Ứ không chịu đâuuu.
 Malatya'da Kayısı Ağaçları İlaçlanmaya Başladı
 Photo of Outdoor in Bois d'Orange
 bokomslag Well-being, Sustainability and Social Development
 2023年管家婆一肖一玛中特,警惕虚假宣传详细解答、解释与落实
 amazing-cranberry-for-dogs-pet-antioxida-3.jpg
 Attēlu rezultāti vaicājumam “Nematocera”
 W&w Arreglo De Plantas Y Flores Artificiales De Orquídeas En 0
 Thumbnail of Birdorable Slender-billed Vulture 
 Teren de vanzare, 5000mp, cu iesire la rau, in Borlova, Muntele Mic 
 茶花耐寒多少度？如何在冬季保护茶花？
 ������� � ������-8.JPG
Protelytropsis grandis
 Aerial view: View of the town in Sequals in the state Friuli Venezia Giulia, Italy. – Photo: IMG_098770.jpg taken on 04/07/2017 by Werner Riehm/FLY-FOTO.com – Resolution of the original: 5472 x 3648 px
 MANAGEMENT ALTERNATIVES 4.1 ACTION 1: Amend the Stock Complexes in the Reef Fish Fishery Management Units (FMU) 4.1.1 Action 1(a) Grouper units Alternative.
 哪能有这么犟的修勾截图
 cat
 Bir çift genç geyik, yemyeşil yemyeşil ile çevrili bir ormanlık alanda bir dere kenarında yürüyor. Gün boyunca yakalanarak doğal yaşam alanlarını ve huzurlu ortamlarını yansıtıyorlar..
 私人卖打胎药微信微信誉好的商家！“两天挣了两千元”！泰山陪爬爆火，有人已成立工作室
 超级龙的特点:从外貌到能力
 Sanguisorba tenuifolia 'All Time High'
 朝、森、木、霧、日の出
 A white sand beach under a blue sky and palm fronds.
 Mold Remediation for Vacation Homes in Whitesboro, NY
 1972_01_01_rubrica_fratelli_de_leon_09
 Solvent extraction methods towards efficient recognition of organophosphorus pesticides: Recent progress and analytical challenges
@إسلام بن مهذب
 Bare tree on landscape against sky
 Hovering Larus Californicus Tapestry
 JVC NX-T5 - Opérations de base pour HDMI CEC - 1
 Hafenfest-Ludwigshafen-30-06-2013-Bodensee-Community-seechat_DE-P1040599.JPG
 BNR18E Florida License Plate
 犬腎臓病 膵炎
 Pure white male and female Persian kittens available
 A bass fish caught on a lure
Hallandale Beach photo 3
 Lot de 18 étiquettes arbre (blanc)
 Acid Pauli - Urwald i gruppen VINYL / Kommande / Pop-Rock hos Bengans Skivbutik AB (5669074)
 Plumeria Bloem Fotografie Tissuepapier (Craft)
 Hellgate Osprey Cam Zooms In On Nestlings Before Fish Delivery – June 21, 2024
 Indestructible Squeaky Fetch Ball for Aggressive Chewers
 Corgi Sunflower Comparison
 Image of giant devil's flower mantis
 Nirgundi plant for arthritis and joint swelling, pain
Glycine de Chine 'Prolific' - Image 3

About this task: Beginning at the first line above, repeat exactly until the line containing "Attēlu rezultāti vaicājumam", which is included.

Answer below:
Ứ không chịu đâuuu.
 Malatya'da Kayısı Ağaçları İlaçlanmaya Başladı
 Photo of Outdoor in Bois d'Orange
 bokomslag Well-being, Sustainability and Social Development
 2023年管家婆一肖一玛中特,警惕虚假宣传详细解答、解释与落实
 amazing-cranberry-for-dogs-pet-antioxida-3.jpg
 Attēlu rezultāti vaicājumam “Nematocera”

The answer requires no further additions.